Few things outside of the Seminary Road diet can rile the public comment portion of an Alexandria City Council meeting like proposed gun control legislation.

At a City Council meeting on Tuesday, the Council unanimously approved moving forward with a sweeping ban on firearms on or near city property — including parks — or on streets near permitted events.

According to the city ordinance:

The poession, carrying or transportation of firearms in any building, or part thereof, owned or used by the City or by any authority or local government entite created or controlled by the City for government purposes or in parks owned or operated by the City, or by any authority or local government entity created or controlled by the City in any recreational or community center facility operated by the locality, or by any authority or local government entity created or controlled by the City and in any public street, road, alley, or sidewalk or public right-of-way or any other place of whatever nature that is open to the public and is being used by or is adjacent to a permitted event or an event that would otherwise require a permit, is prohibited.
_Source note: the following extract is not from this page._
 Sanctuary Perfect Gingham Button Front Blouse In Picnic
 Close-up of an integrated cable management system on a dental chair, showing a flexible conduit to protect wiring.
Exceptions are made in the legislation to military personnel acting within the scope of their official duties, law enforcement officers, private security personnel hired by the City and historical reenactors or other persons who possess a firearm that is inoperative and not loaded with ammunition, provided the reenactor is participating in or travelling to or from a historical reenactment.

Anyone violating the law would be guilty of a Class 1 misdemeanour.
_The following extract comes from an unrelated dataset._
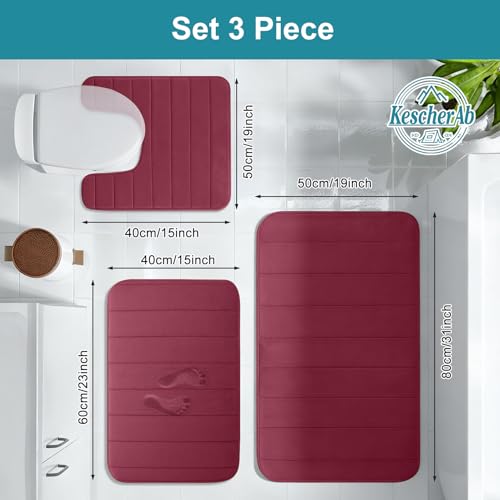 Bathroom Rugs Sets 3 Pieces Thicker Memory Foam Bath Mat with Non Slip Backing, Machine Wash, Dries Quickly, Ultra Soft Wine Red Bath Carpet with Toilet Rug for Bathroom,Kitchen,Tub - color: Wine Red, size: 31" X 19" + 23" X 15" + U19" X 15"
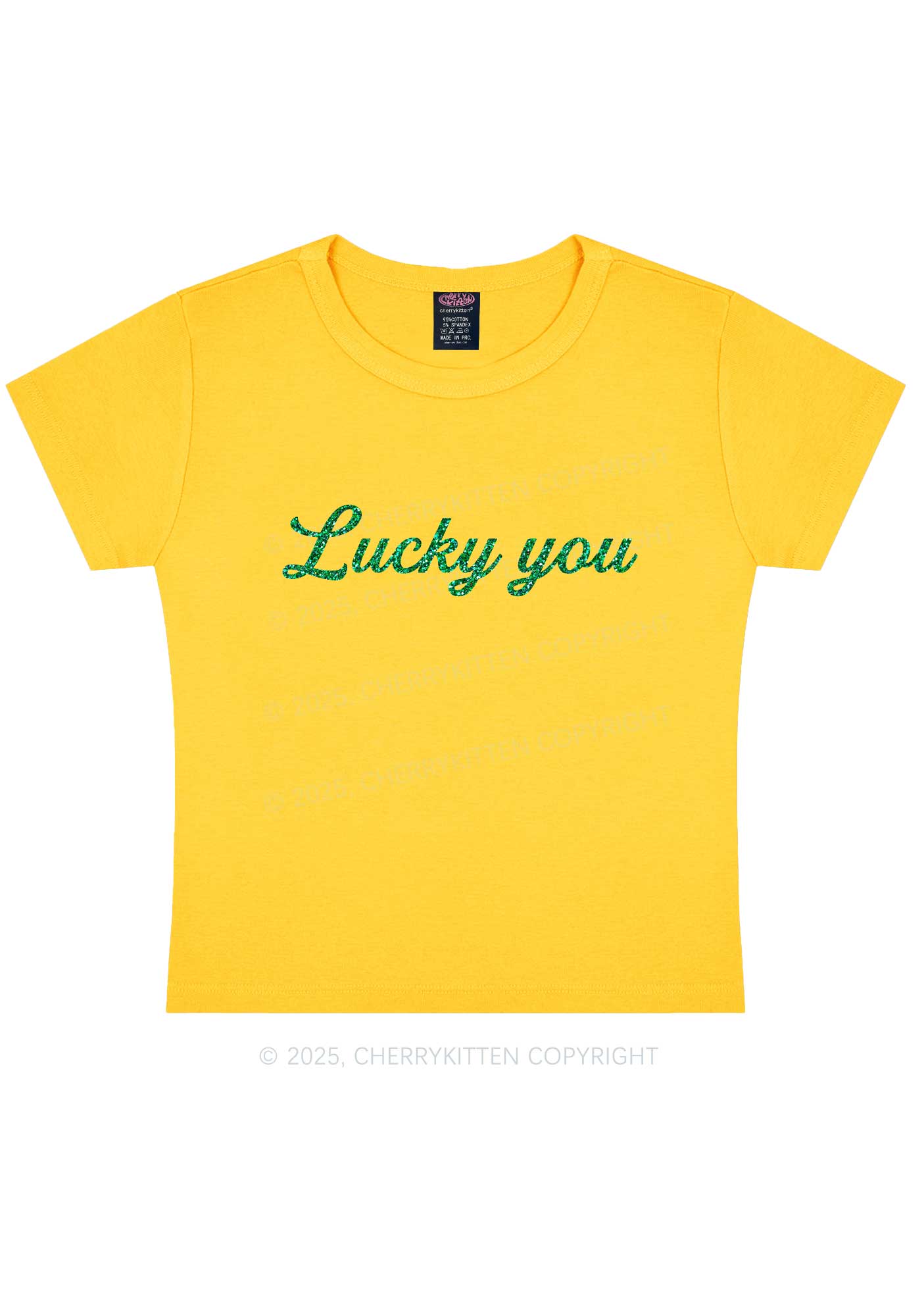 Glitter Lucky You St Patricks Y2K Baby Tee Cherrykitten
The ordinance was unanimously approved at the City Council meeting and is scheduled for a public hearing and final passage on Saturday, June 20. If approved, the ordinance will go into effect on July 1.

The ban had been previously approved but the City Council has since gotten the legislative approval necessary to implement it.

After the issue received some attention from the NRA website, many of the speakers were staunchly positioned against the ordinance. One speaker, Mark Shinn, said the ordinance was part of the “liberal anti-gun agenda” that Alexandria will turn into the “violent, gang-infested warzones of Chicago and Baltimore.”

Some said the ordinance would make it effectively impossible for legal gun owners to travel through the city, with parks and streets near permitted events swept up in the ban.

“This creates an undue legal burden on gun owners as it’s virtually impossible to know or identify all buildings or parts thereof owned or used by the city or any authority or controlled by the city for government purposes,” said Michael MacKay. “As you can see, this maze of constantly shifting obstacles jeopardizes all legal gun owners’ ability to possess, carry or transport firearms without unknowingly committing a Class 1 misdemeanour.”

Speaker Timothy Angers requested that the city make an exception for those with concealed carry permits, arguing that they have been properly vetted and trained.

“[Othewise] the city becomes a minefield for permit holders,” Angers said. “Just cutting through a pocket park or going near an event could land a permit-holder in jail for a year.”

The ordinance did have some defenders in the public hearing, though. Local resident Sarah Bagley argued the ordinance protects local areas the same way federal government offices are protected.

“[The ordinance] is an effort by our Council to prohibit possession, carrying and transportation of firearms in city buildings and parks,” Bagley said. “Whatever is good enough to protect our President and the Senate is good enough for our schools and public spaces.”